Once the line with "A Fancy silver" is found in the entries below, repeat it and each following line exactly, up to and including the line with "Soft Surroundings Purple". Add no other lines.

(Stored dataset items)
________________________

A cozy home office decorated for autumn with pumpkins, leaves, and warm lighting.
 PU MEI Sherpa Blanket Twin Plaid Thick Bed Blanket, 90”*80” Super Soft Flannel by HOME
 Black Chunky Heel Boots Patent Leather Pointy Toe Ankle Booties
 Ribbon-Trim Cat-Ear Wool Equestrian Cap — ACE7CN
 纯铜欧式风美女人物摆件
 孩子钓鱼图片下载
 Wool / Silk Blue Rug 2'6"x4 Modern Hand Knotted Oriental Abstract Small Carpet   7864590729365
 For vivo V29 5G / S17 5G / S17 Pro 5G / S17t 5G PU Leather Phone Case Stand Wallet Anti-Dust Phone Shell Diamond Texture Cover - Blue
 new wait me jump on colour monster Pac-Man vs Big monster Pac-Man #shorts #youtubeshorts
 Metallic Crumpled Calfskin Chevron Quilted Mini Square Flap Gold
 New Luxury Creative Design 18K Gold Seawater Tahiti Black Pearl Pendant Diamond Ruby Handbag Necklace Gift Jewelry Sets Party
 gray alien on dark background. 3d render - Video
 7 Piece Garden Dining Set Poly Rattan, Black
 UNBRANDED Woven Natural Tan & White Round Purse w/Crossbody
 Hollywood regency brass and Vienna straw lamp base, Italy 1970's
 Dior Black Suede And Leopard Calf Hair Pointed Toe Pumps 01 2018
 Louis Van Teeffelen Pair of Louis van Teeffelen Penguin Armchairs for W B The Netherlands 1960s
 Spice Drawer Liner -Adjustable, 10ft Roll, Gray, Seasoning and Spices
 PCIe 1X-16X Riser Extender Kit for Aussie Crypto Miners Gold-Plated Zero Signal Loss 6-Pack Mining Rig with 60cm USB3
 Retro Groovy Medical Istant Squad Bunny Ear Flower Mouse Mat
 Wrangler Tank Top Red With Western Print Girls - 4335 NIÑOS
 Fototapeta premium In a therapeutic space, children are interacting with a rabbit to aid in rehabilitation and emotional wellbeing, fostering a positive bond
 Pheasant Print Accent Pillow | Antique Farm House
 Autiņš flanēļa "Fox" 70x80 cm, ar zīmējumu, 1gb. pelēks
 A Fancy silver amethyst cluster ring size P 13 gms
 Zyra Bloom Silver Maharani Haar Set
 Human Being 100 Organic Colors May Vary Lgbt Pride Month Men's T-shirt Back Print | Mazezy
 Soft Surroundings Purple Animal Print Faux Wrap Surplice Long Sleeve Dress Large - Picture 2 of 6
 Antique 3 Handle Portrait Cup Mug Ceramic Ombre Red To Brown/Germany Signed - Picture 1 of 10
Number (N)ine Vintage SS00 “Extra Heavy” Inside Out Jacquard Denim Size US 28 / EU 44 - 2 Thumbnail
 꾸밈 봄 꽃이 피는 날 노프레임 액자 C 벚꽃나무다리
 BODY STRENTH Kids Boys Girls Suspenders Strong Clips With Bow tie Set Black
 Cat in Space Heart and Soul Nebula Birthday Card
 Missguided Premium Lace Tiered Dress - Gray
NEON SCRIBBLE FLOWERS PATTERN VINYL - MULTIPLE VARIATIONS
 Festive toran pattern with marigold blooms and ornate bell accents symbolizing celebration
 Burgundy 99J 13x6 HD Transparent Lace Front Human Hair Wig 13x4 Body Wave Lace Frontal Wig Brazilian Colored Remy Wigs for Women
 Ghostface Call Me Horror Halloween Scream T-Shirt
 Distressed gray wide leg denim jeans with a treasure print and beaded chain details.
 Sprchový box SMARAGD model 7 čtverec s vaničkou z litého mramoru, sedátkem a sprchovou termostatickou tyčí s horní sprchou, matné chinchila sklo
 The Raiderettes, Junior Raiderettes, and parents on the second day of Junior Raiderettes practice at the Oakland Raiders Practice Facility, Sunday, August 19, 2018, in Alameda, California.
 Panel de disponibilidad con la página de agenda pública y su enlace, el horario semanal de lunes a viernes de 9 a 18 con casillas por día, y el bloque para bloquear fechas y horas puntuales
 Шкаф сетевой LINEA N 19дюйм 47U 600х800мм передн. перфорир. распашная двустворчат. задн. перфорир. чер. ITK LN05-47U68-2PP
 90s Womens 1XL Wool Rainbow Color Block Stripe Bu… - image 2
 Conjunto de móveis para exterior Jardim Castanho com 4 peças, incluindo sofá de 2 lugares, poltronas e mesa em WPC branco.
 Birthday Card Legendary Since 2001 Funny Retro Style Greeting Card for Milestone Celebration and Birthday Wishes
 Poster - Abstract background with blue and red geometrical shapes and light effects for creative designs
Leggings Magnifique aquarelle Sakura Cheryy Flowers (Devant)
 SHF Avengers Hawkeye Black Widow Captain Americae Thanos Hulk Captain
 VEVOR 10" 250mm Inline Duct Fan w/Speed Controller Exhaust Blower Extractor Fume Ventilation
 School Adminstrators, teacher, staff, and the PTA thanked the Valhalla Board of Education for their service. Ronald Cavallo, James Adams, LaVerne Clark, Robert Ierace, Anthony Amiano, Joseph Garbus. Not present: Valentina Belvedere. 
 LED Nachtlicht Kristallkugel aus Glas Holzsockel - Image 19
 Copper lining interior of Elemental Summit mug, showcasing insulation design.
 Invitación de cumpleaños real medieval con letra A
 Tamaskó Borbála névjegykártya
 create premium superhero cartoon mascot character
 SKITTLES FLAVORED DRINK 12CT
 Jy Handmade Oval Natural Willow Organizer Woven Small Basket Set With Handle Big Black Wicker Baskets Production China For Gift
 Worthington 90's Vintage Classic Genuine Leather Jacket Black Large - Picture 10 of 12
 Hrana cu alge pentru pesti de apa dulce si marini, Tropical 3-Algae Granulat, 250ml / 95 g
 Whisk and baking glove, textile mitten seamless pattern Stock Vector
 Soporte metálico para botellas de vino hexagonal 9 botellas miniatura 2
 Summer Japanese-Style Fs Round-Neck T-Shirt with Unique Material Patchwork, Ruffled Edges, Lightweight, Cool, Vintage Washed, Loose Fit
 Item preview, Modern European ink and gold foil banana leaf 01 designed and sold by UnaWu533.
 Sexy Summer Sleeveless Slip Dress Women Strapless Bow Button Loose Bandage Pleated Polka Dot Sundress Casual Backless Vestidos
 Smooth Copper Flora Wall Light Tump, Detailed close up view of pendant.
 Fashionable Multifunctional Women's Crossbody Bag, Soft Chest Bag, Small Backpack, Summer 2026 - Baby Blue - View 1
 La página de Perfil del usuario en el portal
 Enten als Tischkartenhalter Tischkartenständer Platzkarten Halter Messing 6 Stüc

________________________

ANSWER TO THIS PROBLEM
 A Fancy silver amethyst cluster ring size P 13 gms
 Zyra Bloom Silver Maharani Haar Set
 Human Being 100 Organic Colors May Vary Lgbt Pride Month Men's T-shirt Back Print | Mazezy
 Soft Surroundings Purple Animal Print Faux Wrap Surplice Long Sleeve Dress Large - Picture 2 of 6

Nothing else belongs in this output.